18 July 2019 #Information Technology
The role out of 5G is set to drive forward the concept of driverless technology and smart cities. Increased speeds at which data can be shared between a vehicle – for example a sensor detecting a hazard and that data being uploaded to the Cloud, is approximately 50 times faster than under a 4G connection.
This almost instant upload speed means not only will autonomous vehicles be able to be controlled in real time through the Cloud, but the way in which vehicles can communicate with each other will enable towns and cities to implement pro-active traffic management – your driverless vehicle will be able to get you from A – B using the most efficient route by analysing real time traffic data collected and fed back from other autonomous vehicles and sensor technology embedded around the road network.
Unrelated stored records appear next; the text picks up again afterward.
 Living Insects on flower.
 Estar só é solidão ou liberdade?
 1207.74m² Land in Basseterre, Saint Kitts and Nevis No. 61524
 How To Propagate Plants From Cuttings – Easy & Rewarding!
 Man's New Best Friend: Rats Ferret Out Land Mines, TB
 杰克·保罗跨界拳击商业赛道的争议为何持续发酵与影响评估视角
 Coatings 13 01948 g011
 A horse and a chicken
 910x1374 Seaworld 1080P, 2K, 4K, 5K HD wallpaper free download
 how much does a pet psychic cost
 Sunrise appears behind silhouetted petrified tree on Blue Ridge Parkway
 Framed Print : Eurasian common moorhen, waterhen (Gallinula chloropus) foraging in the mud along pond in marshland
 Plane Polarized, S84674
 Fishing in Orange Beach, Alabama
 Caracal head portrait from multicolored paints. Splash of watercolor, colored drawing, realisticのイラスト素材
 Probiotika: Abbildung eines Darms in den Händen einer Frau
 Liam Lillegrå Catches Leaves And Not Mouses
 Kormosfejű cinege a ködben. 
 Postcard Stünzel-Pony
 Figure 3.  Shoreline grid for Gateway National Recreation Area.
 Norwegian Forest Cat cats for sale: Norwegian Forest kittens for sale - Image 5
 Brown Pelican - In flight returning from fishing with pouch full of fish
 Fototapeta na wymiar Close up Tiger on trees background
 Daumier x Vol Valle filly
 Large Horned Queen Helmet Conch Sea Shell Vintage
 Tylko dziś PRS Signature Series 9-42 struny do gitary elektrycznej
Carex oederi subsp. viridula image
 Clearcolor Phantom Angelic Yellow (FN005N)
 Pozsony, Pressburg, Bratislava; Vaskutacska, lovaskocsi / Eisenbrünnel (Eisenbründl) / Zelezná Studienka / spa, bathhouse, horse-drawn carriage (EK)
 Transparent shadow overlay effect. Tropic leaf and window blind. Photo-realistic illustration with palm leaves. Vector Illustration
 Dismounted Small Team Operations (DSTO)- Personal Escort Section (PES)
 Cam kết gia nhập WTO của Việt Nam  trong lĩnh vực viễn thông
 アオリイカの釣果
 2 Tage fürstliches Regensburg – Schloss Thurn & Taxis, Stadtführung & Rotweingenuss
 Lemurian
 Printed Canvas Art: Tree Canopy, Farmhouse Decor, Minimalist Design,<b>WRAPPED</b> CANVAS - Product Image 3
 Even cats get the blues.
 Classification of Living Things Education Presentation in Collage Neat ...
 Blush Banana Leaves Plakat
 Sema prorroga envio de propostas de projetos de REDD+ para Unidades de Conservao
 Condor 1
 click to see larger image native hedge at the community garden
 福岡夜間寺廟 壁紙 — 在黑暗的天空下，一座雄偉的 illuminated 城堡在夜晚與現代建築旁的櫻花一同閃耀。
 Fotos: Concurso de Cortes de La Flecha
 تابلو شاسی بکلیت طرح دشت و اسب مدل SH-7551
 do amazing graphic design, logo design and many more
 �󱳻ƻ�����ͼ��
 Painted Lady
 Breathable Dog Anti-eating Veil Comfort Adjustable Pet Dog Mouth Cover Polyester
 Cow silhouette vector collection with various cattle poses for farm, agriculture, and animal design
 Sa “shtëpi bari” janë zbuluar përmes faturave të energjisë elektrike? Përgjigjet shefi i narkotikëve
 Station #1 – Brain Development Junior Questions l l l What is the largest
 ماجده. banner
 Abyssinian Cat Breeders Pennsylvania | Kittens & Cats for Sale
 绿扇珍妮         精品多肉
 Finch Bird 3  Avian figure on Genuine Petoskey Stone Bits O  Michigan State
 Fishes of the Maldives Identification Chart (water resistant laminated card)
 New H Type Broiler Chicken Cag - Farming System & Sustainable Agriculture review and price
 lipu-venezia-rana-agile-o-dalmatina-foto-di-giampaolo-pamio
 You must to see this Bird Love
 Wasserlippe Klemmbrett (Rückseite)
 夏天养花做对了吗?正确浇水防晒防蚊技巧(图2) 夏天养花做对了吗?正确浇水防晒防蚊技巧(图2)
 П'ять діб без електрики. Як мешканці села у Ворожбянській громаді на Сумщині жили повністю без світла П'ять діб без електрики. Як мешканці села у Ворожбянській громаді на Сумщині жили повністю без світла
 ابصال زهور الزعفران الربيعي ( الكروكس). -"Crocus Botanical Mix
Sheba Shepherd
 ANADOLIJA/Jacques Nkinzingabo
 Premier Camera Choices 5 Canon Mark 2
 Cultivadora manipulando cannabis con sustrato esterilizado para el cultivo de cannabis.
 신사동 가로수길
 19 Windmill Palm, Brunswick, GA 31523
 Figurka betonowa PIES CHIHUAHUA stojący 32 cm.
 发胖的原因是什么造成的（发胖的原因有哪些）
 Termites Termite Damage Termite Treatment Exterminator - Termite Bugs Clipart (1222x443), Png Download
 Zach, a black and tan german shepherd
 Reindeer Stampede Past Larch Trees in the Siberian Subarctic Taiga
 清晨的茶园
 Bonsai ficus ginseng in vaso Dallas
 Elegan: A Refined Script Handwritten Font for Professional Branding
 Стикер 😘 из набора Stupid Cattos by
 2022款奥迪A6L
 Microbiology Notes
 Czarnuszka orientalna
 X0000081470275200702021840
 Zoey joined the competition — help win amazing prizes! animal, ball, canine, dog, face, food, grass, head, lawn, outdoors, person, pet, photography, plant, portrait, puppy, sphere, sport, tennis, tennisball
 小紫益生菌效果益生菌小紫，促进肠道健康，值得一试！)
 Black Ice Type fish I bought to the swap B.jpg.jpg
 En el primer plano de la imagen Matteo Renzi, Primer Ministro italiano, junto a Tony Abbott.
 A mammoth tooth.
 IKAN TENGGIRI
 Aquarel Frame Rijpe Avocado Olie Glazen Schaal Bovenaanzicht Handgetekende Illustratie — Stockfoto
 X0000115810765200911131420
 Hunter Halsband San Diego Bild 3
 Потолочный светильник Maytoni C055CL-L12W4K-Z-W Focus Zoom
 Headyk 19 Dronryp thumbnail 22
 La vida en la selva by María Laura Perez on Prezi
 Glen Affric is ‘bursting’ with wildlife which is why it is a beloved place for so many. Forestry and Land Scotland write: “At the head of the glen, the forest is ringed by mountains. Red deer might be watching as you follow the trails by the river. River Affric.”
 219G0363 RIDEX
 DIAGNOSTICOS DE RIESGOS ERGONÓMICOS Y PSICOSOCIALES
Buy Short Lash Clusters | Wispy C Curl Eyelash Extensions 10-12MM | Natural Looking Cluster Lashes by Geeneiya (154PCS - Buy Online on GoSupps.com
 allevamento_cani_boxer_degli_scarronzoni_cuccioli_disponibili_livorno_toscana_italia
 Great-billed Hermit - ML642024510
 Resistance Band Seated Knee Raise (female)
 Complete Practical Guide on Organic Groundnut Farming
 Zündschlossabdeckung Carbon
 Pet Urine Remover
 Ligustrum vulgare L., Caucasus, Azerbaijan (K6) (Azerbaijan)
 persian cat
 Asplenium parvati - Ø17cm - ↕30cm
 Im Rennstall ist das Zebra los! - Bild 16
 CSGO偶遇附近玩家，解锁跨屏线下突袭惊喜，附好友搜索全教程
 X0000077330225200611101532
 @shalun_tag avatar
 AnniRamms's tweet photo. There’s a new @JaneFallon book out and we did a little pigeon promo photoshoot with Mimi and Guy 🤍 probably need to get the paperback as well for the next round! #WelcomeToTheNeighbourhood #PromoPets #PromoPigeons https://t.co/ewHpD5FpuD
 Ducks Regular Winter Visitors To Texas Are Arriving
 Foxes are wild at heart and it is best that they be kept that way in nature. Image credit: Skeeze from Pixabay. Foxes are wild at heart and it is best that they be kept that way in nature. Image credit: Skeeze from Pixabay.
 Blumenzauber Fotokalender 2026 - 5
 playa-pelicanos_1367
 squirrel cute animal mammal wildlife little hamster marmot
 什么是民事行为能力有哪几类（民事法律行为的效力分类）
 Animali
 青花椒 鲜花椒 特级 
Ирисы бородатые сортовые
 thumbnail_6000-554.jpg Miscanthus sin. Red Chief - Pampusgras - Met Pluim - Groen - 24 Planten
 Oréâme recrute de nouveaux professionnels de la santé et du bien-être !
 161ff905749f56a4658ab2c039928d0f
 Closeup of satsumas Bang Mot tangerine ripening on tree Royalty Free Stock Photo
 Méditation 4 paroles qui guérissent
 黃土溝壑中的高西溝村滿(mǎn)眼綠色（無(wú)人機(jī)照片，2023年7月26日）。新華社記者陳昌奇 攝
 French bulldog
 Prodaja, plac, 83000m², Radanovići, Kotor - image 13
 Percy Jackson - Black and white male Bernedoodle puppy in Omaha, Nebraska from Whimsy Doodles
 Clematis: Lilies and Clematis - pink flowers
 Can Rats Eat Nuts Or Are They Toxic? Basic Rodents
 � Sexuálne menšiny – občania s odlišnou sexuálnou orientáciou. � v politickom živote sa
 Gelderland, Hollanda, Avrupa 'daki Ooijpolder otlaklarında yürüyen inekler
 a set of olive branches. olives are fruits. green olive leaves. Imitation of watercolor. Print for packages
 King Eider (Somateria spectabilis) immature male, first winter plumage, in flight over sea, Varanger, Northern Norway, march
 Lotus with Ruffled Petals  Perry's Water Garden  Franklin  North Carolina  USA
The advent of 5G has already seen the likes of Ford and Audi partner to develop vehicles that “talk” to traffic lights. BMW have announced a partnership with China Unicom to build an Internet of Vehicles and Volvo through their partnership with Ericsson are also testing the use of autonomous commercial vehicles in a facility in Sweden.
The application of this technology in transportation seems almost infinite and is likely to change the criteria on which a vehicle is chosen – driving performance, it would seem, will be a redundant consideration.
In conclusion, whilst 5G is likely to revolutionize the automotive industry and bring autonomous vehicles with their efficiencies and positive environmental benefits, there are going to be increased challenges around data protection and privacy – 5G will require more network sites which means that location data will be more accurately collated by those that you want and potentially, those that you don’t want.